Archive for the 'beginner' Category

Be A Data Integrity Watchdog

Funny thing happens when you start to put data into a database. It becomes important. At one point it might have seemed like a nice idea to save the visitor’s IP address. Slowly, as the system evolves, little branches of code pop up around the fact that the IP address is populated. Suddenly you find yourself in a position where you have to protect that piece of data. You can’t sit by idly and let that improperly formatted IP address bring down the whole system. You have to guard your system against these intrusions.

And the intrusions will happen. I’ve designed a number of large systems, and the only common denominator is that somehow, at one point or another, at least some of the data will get corrupted. Transactions fail, databases crash, bugs show up in the margins, users enter in stupid information, or hackers attack. I had been spending time thinking about this issue at The Sporting News, but it wasn’t until MLB that it really congealed into something useful.

In the fantasy baseball domain, a typical roster transaction leads to the addition or removal of a player from a particular manager’s roster of players. If the player is added to player P’s roster he should not be available for any other manager in that league. If he’s removed from P’s roster he should be available to all other managers (including P). A player can’t be on more than one manager’s roster at the same time.

It turns out that every once in a while something hiccups and one of these rules is violated. Over the years I learned that the single most important step to fixing the problem is to make sure it doesn’t get worse. So, for instance, imagine a manager attempts to drop a player from his roster but something goes wrong. The system shows that the player is still on the roster, but he’s also technically available to others. Now that the data is corrupt it’s crucial that the system not allow the player’s status to be modified any further. It can very quickly become an impossible problem to solve if the player is picked up by another manager, then traded to another team, then dropped, etc.

I’ve spent many, many hours fixing transactions by hand. I worked on fantasy applications for over 7 years continuously, and in that time I can’t remember a single year where I didn’t have to fix at least some transactions by hand. Let me tell you, it suuuuucks. It really suuuuucks. Sucks and blows.

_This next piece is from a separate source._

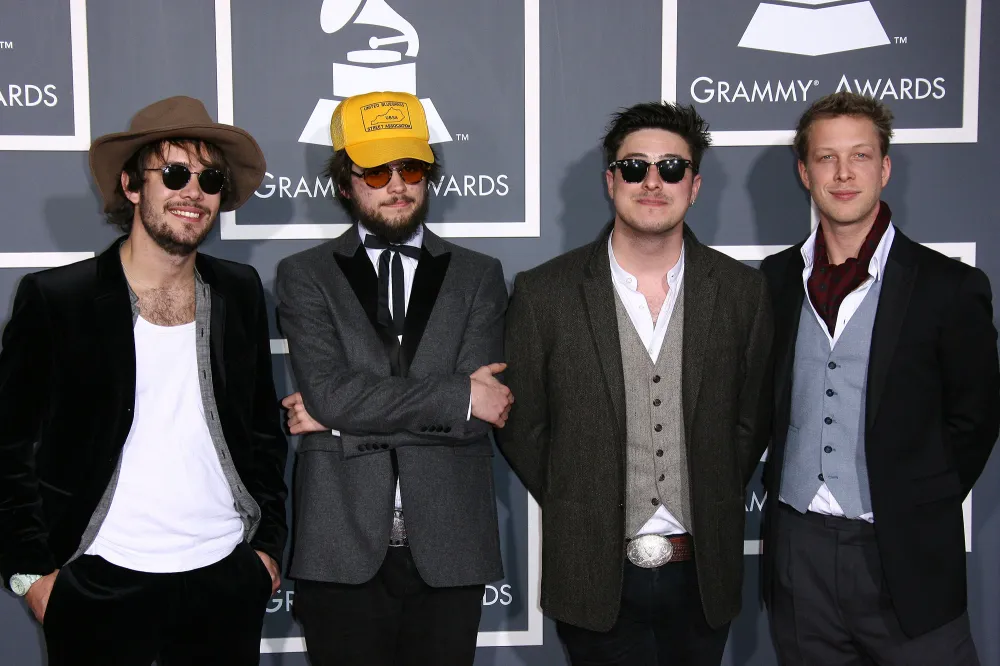 Bonnaroo Lineup to Feature Paul McCartney, Mumford & Sons, Wilco, R. Kelly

With that in mind, I developed a scheme where instead of waiting to hear that some player is on two teams via the message boards I take matter into my own hands. I designed the system to check each player involved in a transaction for corruption immediately after the transaction is committed. If I detect that one of the fundamental rules were broken (e.g. owned by more than one manager), the player is immediately frozen. No further transactions on that player would be allowed until an administrator can come in and fix the issue.

So for a small incremental cost I’ve bought myself some peace of mind. And I can absolutely tell you that it paid off, time and time again. It just took a different way of thinking about the problem – being proactive versus reactive, protecting the integrity of all that data.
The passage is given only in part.